There were serious tensions within the SA as well. These were twofold. First, when Hitler refounded the Nazi Party in the mid-1920s, he emphasized nationalism over socialism. But a Nazi left, with adherents concentrated in the SA, advocated a more explicitly socialist and anticapitalist populism, and Hitler stamped out the “revolts” of several of these dissident SA units in the early 1930s. Second was increasing frustration with the “tactics of legality,” as the party’s growing popularity and electoral success failed to put Hitler in power. Particularly by late 1932, electoral exhaustion, frayed finances, and demoralization threatened the party’s assumptions about its invincibility and the inevitability of its taking control of Germany. President Paul von Hindenburg’s appointment of Hitler as chancellor (without his obtaining a parliamentary majority through elections or coalition-building) saved the party at a moment of impending crisis.

The SA’s celebratory torchlight parade on the night of January 30, 1933, was followed by an explosion of violence that released pent-up emotions (according to Siemens, a mixture of revenge, hate, rage, excitement, and ecstasy), killed five hundred to a thousand and injured thousands more, and “communicated the new Nazi code of behaviour to everyone.” Physical and psychological torture was meant to humiliate and degrade opponents so that both they and bystanders would forever be deterred from venturing into politics again.
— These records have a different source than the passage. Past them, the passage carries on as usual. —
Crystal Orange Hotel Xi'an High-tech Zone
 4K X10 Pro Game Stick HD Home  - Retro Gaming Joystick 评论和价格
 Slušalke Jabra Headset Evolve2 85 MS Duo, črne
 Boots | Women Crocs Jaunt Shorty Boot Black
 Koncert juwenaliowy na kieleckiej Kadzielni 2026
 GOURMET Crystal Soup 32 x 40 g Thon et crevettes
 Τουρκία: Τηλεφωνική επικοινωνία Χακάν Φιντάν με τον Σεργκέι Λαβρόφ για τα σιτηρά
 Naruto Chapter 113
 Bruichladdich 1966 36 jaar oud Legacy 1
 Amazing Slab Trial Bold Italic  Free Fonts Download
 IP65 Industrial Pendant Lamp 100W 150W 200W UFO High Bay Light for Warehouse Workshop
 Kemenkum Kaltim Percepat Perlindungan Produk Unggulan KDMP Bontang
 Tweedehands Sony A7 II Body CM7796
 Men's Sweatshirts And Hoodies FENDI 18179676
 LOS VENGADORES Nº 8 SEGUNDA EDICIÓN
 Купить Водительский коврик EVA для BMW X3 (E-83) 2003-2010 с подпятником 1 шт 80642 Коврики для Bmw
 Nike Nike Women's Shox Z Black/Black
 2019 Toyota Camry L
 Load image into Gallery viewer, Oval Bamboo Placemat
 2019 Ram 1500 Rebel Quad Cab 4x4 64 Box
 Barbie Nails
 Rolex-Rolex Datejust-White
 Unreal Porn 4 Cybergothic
For the SA, success was its own nemesis. Hitler’s victories over his opponents and his deluded right-wing partners as well as his consolidation of his dictatorship were so rapid and complete that he could declare a one-party state and an end to the revolution in July 1933. Without real political opposition, further SA violence had become redundant until new targets were found. SA membership exploded to four million by spring 1934. Most of these additional members were opportunists jumping on the Nazi bandwagon. But half a million of them came through the absorption of the conservative Stahlhelm, while many so-called beefsteak Nazis—former Communists, socialists, and labor unionists whose own organizations had been banned and who were now suspected of being brown on the outside but still red on the inside—also joined.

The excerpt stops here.